- EXERCISE INSTRUCTIONS
In the entries below, go to the line containing "this 626×415 image." and repeat it along with every later line, exactly.

*** EXCERPTED DATA ***

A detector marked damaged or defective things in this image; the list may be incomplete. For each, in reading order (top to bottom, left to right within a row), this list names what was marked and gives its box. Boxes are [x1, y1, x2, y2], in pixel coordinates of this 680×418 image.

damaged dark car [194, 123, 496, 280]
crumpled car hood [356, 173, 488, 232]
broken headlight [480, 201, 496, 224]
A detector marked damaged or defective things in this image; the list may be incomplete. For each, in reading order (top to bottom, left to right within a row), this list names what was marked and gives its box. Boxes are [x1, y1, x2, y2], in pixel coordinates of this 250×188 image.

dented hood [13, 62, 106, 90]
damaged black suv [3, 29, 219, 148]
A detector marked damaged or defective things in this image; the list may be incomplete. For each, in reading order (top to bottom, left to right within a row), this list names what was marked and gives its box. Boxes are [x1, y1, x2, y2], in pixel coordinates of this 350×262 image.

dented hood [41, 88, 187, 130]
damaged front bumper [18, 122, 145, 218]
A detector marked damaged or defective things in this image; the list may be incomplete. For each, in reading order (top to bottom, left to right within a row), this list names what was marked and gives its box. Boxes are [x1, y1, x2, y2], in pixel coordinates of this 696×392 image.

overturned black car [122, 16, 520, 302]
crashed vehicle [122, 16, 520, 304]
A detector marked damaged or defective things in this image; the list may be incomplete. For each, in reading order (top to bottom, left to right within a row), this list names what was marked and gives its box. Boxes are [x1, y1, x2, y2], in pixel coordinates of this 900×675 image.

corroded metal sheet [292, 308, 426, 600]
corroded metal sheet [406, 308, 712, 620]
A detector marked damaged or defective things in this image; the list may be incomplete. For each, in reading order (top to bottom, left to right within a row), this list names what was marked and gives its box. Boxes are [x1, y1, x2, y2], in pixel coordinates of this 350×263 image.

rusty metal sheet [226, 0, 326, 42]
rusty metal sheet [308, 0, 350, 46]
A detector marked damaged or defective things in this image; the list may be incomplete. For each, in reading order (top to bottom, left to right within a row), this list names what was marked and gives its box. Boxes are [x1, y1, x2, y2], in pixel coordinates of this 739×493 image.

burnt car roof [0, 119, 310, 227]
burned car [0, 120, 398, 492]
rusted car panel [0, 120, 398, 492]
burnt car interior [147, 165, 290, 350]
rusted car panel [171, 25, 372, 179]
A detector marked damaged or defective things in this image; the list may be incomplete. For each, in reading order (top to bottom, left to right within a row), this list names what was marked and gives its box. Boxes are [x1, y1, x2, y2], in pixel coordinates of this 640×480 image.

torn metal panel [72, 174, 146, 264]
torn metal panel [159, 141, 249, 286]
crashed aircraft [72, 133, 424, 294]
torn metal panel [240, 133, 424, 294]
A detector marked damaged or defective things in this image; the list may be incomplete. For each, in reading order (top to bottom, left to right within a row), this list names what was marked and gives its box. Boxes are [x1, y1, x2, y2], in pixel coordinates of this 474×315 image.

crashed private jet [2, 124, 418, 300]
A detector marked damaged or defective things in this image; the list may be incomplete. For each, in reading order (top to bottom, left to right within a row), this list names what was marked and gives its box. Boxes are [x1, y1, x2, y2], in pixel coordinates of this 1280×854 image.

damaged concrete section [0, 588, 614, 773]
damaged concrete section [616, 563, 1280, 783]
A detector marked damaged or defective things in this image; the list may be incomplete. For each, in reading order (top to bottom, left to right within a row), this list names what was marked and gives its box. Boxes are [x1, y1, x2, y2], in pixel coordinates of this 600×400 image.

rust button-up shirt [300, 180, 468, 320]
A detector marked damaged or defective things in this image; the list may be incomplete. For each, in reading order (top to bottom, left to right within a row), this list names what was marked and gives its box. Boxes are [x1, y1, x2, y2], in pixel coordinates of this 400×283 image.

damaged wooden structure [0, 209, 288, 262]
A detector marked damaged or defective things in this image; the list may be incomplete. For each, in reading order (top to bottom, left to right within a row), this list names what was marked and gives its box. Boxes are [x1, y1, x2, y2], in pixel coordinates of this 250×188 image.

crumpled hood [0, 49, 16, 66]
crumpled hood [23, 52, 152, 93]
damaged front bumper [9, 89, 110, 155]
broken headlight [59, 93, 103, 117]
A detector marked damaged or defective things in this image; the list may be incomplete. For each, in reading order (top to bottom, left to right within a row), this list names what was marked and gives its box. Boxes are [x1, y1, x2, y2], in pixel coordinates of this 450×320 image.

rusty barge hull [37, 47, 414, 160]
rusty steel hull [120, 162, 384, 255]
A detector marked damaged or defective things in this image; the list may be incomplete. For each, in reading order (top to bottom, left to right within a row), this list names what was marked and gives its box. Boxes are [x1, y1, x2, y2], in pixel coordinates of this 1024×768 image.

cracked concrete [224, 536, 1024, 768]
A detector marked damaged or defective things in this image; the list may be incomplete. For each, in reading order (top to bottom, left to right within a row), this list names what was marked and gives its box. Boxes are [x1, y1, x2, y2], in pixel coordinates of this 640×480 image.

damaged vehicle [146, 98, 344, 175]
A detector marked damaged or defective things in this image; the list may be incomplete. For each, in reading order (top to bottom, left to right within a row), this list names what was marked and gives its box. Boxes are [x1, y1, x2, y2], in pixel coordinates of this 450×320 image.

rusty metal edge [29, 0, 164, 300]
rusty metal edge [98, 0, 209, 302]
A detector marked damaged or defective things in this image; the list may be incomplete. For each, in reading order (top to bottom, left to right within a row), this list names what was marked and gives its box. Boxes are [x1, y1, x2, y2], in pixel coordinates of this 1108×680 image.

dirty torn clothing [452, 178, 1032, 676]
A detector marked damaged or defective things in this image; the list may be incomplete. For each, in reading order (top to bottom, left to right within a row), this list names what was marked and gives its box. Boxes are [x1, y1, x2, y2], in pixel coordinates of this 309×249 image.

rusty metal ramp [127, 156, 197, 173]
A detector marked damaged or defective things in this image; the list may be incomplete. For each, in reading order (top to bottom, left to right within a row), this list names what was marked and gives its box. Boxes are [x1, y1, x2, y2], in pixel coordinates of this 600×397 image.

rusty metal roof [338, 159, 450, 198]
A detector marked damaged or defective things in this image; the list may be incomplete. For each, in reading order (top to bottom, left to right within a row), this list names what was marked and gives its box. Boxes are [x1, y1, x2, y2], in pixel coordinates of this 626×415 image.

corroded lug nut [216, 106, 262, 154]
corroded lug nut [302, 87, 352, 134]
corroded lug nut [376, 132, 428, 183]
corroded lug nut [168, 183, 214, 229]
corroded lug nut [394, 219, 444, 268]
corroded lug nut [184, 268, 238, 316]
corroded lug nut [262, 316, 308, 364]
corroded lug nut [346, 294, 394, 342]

*** End of EXCERPTED DATA ***

- RESPONSE FOR THIS EXERCISE
A detector marked damaged or defective things in this image; the list may be incomplete. For each, in reading order (top to bottom, left to right within a row), this list names what was marked and gives its box. Boxes are [x1, y1, x2, y2], in pixel coordinates of this 626×415 image.

corroded lug nut [216, 106, 262, 154]
corroded lug nut [302, 87, 352, 134]
corroded lug nut [376, 132, 428, 183]
corroded lug nut [168, 183, 214, 229]
corroded lug nut [394, 219, 444, 268]
corroded lug nut [184, 268, 238, 316]
corroded lug nut [262, 316, 308, 364]
corroded lug nut [346, 294, 394, 342]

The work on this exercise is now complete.